Attend class. I do not take attendance, and you are not directly penalized for missing class, but I do hold you responsible for what I teach in lecture. Seeing me putting into practice the concepts we are studying will be very useful to you. There will be some techniques I show in class that will greatly assist you in passing the exams and producing good programs efficiently, but they are not in the text.

Collaborative work. You are encouraged to work together for better understanding of the course material and assignments. But do your own actual program writing

by yourself. You may not collectively write a program with a friend or classmate and then several people submit the same code. Also, while working together can enhance your learning, too much reliance on others can be disastrous at exam time.

You may think you understand a concept when you are discussing it is a group… and then when you are on your own on an exam you discover the holes in your understanding. So make good use of any study guides you are given before exams.
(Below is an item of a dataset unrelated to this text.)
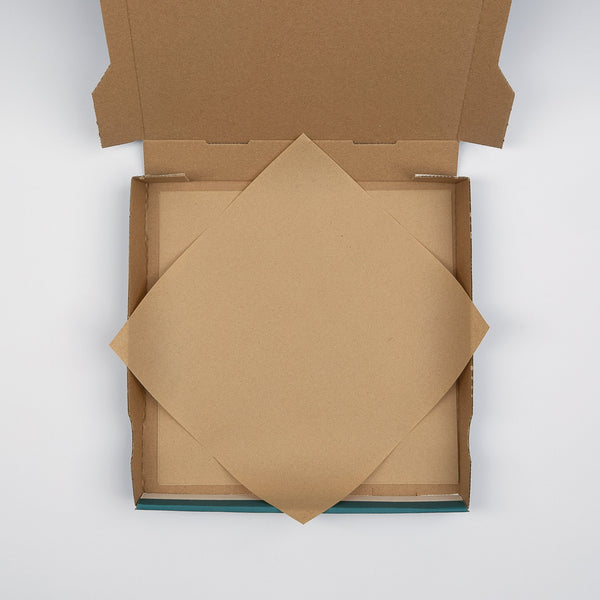 Pizza-Secure, Premium, 27x27cm, aus Pergamentersatz, neutral, braun, <br>VPE: 1.000 Blatt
Late work. Each program will have a specific date/time deadline; late programs will be penalized as follows:

 1 day late (up to 24 hours after due date and time): 10% deduction

 one class late (up to the start of the next class after the due date/time): 25%

 two classes late: 50%

 three classes late: 75%

 more than 3 classes late: 100%

Final exam. The course final exam is given in compliance with UNC final exam regulations and according to the UNC Final Exam calendar.

Honor Code

We are very serious about the honor code. It’s easy to cheat in this course; it’s also easy for us to detect plagiarism. So don’t do it! We know programming and programs better than you do (that’s why we can teach it !) Do your own work. If you work with others collaboratively (as noted above that you may) make sure the collaborative work is on concepts and understanding and that you produce your own program source code for submission. Observe fully the University Honor Code.
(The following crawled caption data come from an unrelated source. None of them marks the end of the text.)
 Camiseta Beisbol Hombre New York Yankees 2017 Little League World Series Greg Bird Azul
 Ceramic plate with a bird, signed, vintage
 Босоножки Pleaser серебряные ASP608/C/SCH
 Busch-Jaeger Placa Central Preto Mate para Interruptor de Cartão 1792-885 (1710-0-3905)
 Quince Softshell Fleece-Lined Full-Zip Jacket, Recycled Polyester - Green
You are free to use any program content that was presented in class, in help sessions, or in the course texts without permission or citation. You can use pieces of code that you find in other texts, but cite the source in comments (no penalty). You may not use material from previous offerings of this course. And as said before, you may not submit code written by your classmates, or by any other person who specifically wrote it as a solution to the problem description.

The basic theme is this: you may get assistance from others on language concepts, problem understanding, and algorithm design, but you must write the code yourself to implement and test your solutions. This is how you learn… by doing.
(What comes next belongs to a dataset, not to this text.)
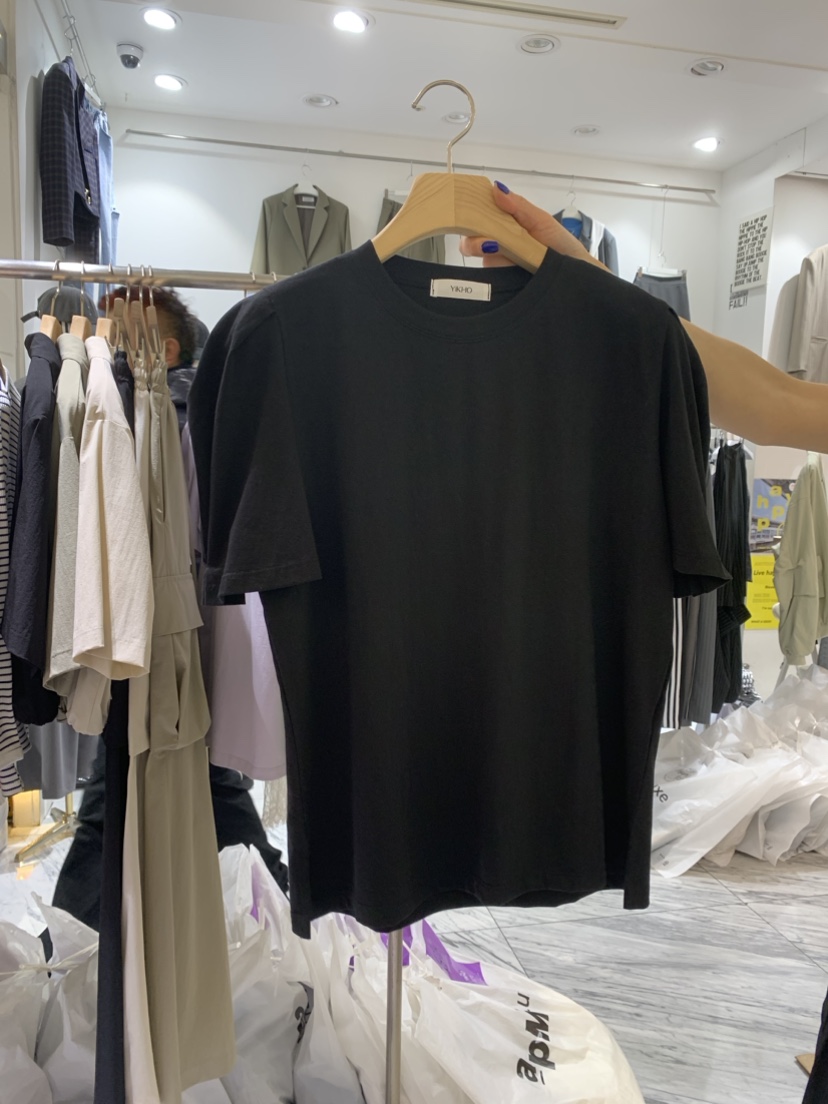 YIKHO STYLE韓國直郵東大門實拍女裝新款真品時尚熱賣推薦T恤YIKHO STYLET恤圖色5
For exams you will be required to sign a pledge attesting to the exam work being yours alone.

Disclaimer

The professor reserves to right to make changes to the syllabus, including program and homework due dates and test dates, as well as percentages for assignments and exams towards the final course grade. Any changes will be announced as early as possible.

Warnings and Wisdom

This can be a very time-consuming course. It is not unusual for a student to spend an average of 10-12 hours each week outside of class. Do not fall behind.

Subsequent assignments build on understanding of previous assignments.

Read the text and try the examples. Make use of the code examples we develop in class. We are doing these for a reason. The examples I develop in class will be very useful in solving the assignments I give you. They are not there randomly.

Programming is best learned by doing not by reading alone. This is why, in class, I

will be doing programming so you can see how is done. Take the text examples, change them, see what happens. Take the class program examples, change them, see what happens. Try stuff. Be inquisitive.

Start your assignments early. I know how long they take to complete, and I don’t give you 2 weeks to do an assignment if it only takes 2 days. So don’t wait until 2 days before the due date to start it. We cannot really assist you well if you are coming for help the night before and say “um… I am not quite sure how to get this thing going.”

Warning: programming is fun and can capture your imagination completely! It snagged me in 1976 and has not let go yet.